"In my fight to continue to be me, I had forgotten what love truly means."
This line jumped out at me from an article written by Dennis Erford at TOBA Blog. It seems that we have three options when it comes to getting along with other people:
- accommodating ourselves so that we appear to be getting along and avoid friction and disapproval;
- refuse to accommodate ourselves and insist on our rights
- seek the greater good for the other and for ourself.
Erford's article is a wonderful reflection on how he in the context of his marriage came to the realization that what he really wanted truly was the third option, though it was much easier to get by with the first.
We are like eggs at present. And you cannot go on indefinitely being just an ordinary, decent egg. We must be hatched or go bad.
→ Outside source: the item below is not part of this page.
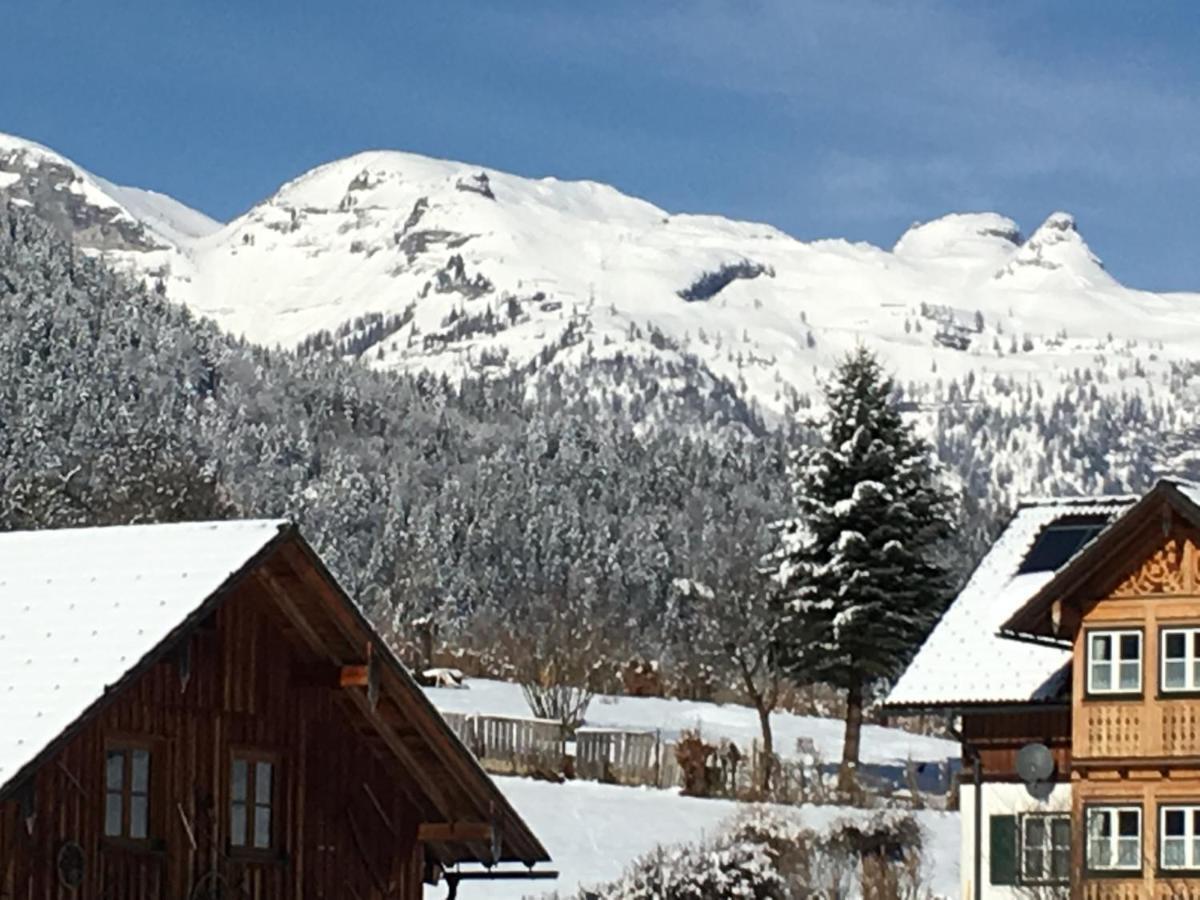 Ausseer *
– C.S. Lewis, Mere Christianity
Eventually we are forced into a choice. We start to go bad. Relationships start to sour. Options dry up. Dreams begin to crumble. If we haven't made a choice for life, for change, for authenticity before this point, this experience of the possibility of losing it all is a wake-up call, reminding us of what we truly want. As Erford concludes: "So ask yourself, regardless of whether you are dating, married, or neither, what you can interiorly change to help those you love encounter Christ and lead them to Heaven. And for those in (or hope to be in) a dating relationship, I would like to give some advice. If one is not willing to change while dating, they will not (barring a life-altering event) change when married, and if they are not willing to change, they are not willing to love you to the fullest. In other words, if someone you are dating tells you they will not change, RUN! This is the type of change that we can really believe in: changing for the sake of love and the salvation of souls."